The ISMC controller was used for the experiment with control gains (b₁, b₂, $\rho$, µ) = (350, 114,000, 0.1, 0.05). The controller was implemented using dSPACE’s DS1103 motion control card for real-time control. The sampling time was set to 1 ms. The experimental results are shown in Figure 11 and Figure 12, where the position contour errors are shown in Figure 11 and the orientation errors are presented in Figure 12. The RMS position contour error is $45.2$ μm, and orientation error is $277.5$″. The results clearly verify the effectiveness of the proposed method.

6. Conclusions

The contouring control problem of five-axis machine tools was investigated in this study. The purpose was for the system to follow a given trajectory in the workpiece coordinate system with a specified tool orientation vector. Conventionally, to reduce both the position contour and orientation errors, the controller has been designed separately. However, the contour error and orientation error possess coupled dynamics.
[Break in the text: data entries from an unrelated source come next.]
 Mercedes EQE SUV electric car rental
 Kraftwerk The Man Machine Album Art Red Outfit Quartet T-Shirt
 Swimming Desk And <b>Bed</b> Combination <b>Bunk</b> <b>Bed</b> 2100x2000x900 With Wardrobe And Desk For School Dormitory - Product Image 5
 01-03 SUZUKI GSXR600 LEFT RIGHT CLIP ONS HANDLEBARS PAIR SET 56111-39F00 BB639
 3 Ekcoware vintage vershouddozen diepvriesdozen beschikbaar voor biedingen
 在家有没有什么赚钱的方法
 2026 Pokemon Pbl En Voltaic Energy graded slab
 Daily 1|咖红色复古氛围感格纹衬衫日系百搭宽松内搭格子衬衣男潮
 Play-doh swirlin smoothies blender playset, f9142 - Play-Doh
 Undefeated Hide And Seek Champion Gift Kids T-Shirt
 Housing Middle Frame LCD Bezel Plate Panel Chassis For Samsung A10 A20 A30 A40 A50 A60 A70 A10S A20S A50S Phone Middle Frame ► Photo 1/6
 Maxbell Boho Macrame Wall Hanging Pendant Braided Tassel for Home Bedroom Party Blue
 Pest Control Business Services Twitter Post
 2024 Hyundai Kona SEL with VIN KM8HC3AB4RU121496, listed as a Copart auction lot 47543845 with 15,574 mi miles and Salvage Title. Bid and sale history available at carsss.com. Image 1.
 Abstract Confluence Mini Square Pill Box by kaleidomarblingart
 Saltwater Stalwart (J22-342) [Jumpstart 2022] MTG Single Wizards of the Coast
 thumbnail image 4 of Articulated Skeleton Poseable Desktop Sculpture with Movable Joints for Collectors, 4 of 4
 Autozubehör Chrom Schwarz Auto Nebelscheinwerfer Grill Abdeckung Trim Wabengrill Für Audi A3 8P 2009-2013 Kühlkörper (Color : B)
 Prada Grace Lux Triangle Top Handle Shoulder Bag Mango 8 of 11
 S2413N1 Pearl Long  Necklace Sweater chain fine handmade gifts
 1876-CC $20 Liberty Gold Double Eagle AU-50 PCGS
For better performance, the method of equivalent errors was applied in this study to design an integrated contouring controller. The trajectory with the tool vector in the workpiece coordinate frame was regarded as a 5-D hyper-curve in the machine coordinate frame. A contouring controller was designed to follow the 5-D hyper-curve by the method of equivalent errors. The proposed controller can simultaneously reduce both position contour error and orientation error. Numerical simulations for the contouring control of linear and circular paths were conducted. For comparison, the simulations with the conventional PD controller were also carried out for both linear and circular paths. It was found that the proposed controller can result in much better performance in either position contour error or orientation error, for both linear and circular paths. An experiment for a conical workpiece was also carried out. The experimental results clearly verify the effectiveness of the proposed method.